I knew C# well at the time, maybe not the best out of the languages I know,
but well enough to hit the ground running. And I knew with MVC3, I would be
running in no time. Visual Studio is an awesome environment IF you have a fast
PC. I have a fast PC. LINQ, and LINQ to SQL, is incredibly powerful. I can
drastically alter my SQL DB, and have my ORM code auto-generated immediately.

Out of the box, .Net takes care of a lot of the detail. I can optimise this
detail later if I need to (I hope).

With the aim of this code being maintainable, and having hated maintaining a
large python code-base before, I wanted to use a statically typed language.

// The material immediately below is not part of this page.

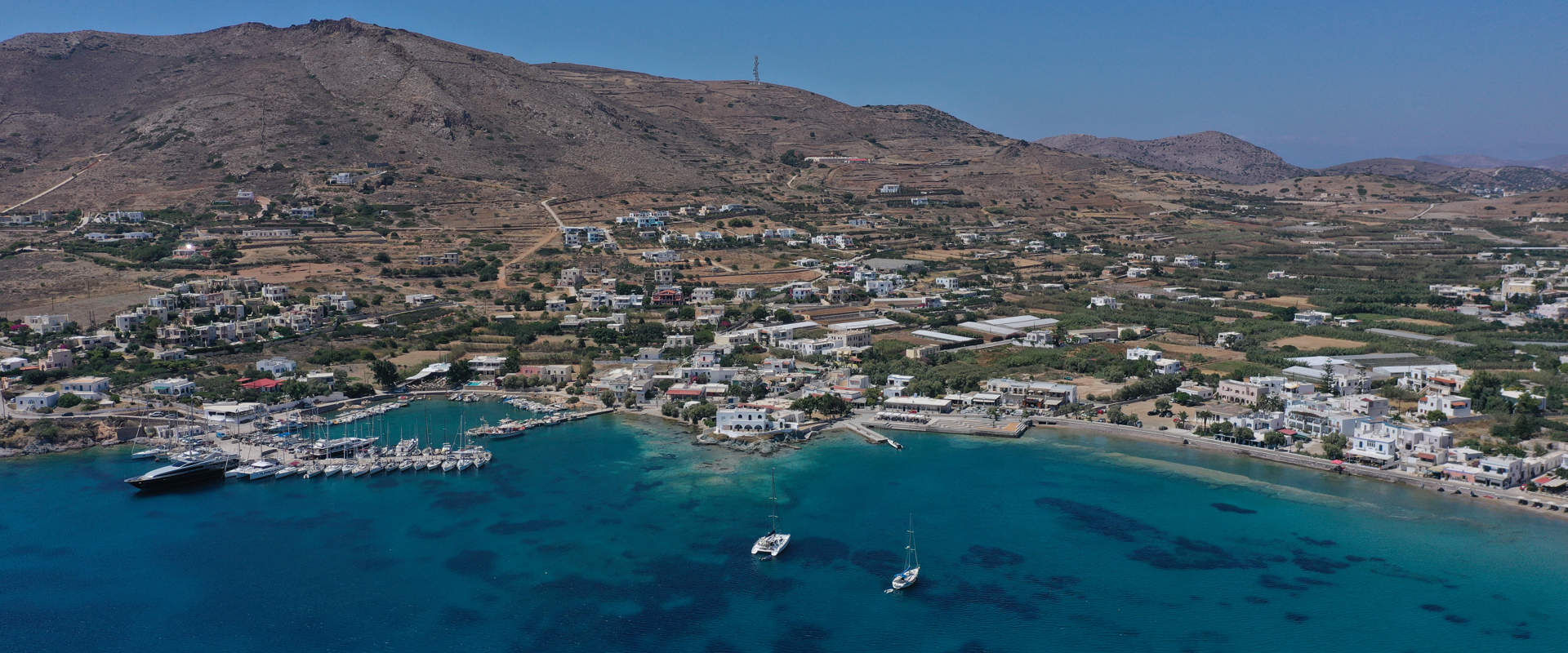 Three Cycladic gems, each with their own unique character, and so close to one another (and the ports of Athens) that you won’t be able to wait to get started.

Importantly, I knew .Net was going to be scalable when I needed it be
(stackoverflow.com as an example).

How is it going?

Very well. But I've not launched yet. I have no regrets, and think C# is an
amazing language to work with.

I would generally consider myself language agnostic, so whilst the decision
was hard, I was confident it wouldn't matter too much in the end. Hopefully
that will remain the case, but you never know what's around the corner...!

------
baggachipz
"It seems as though the whole philosophy of .NET centres on catering to the
novice... .NET, and specifically C#, both coddles you and then scolds you at
every turn."

Perfect summary and exactly how I feel about .NET.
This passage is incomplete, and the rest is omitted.